Sunday, September 10, 2023

16.7 - Probability of The Event "not A"

In the previous section, we saw how to calculate the Probability of the event "A or B". In this section, we will see probability of the event "not A".

Probability of the event “not A”

This can be explained using an example. It can be written in 5 steps:
1. Consider the following experiment:
A deck of 10 cards is placed on the table. Each card is given a unique number from 1 to 10. One card is drawn at random without looking.
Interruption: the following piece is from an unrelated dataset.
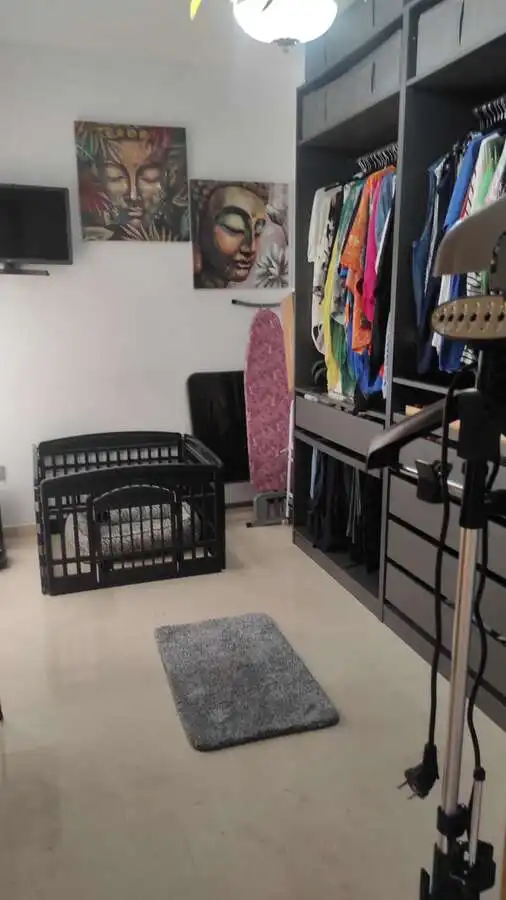 Bedroom of Flat for sale in Petrer  with Storage room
If the number on the drawn card is “an even number less than 10”, then event A is said to occur.
2. It is clear that:
   ♦ set S = {1, 2, 3, 4, 5, 6, 7, 8, 9, 10}
   ♦ set A = {2, 4, 6, 8}
   ♦ set ‘not A’ = A’ = {1, 3, 5, 7, 9, 10}
3. There are 10 possible outcomes.
• If all outcomes are equally likely, the probability of each outcome in S will be 1/10.
4. Now let us calculate the various probabilities:
• Since all outcomes in S are equally likely, we have:
   ♦ $\rm{P(A) = \frac{n(A)}{n(S)} = \frac{4}{10} = \frac{2}{5}}$
   ♦ $\rm{P(A') = \frac{n(A')}{n(S)} = \frac{6}{10} = \frac{3}{5}}$
5. Now we can write an interesting point:
$\rm{1 - P(A)~=~1 - \frac{2}{5}~=~\frac{3}{5}~=~P(A')}$
• That means:
$\rm{1 - P(A)~=~P(A')}$
If we have the probability P(A) of any event A, then we can find P(A') by subtracting it from 1.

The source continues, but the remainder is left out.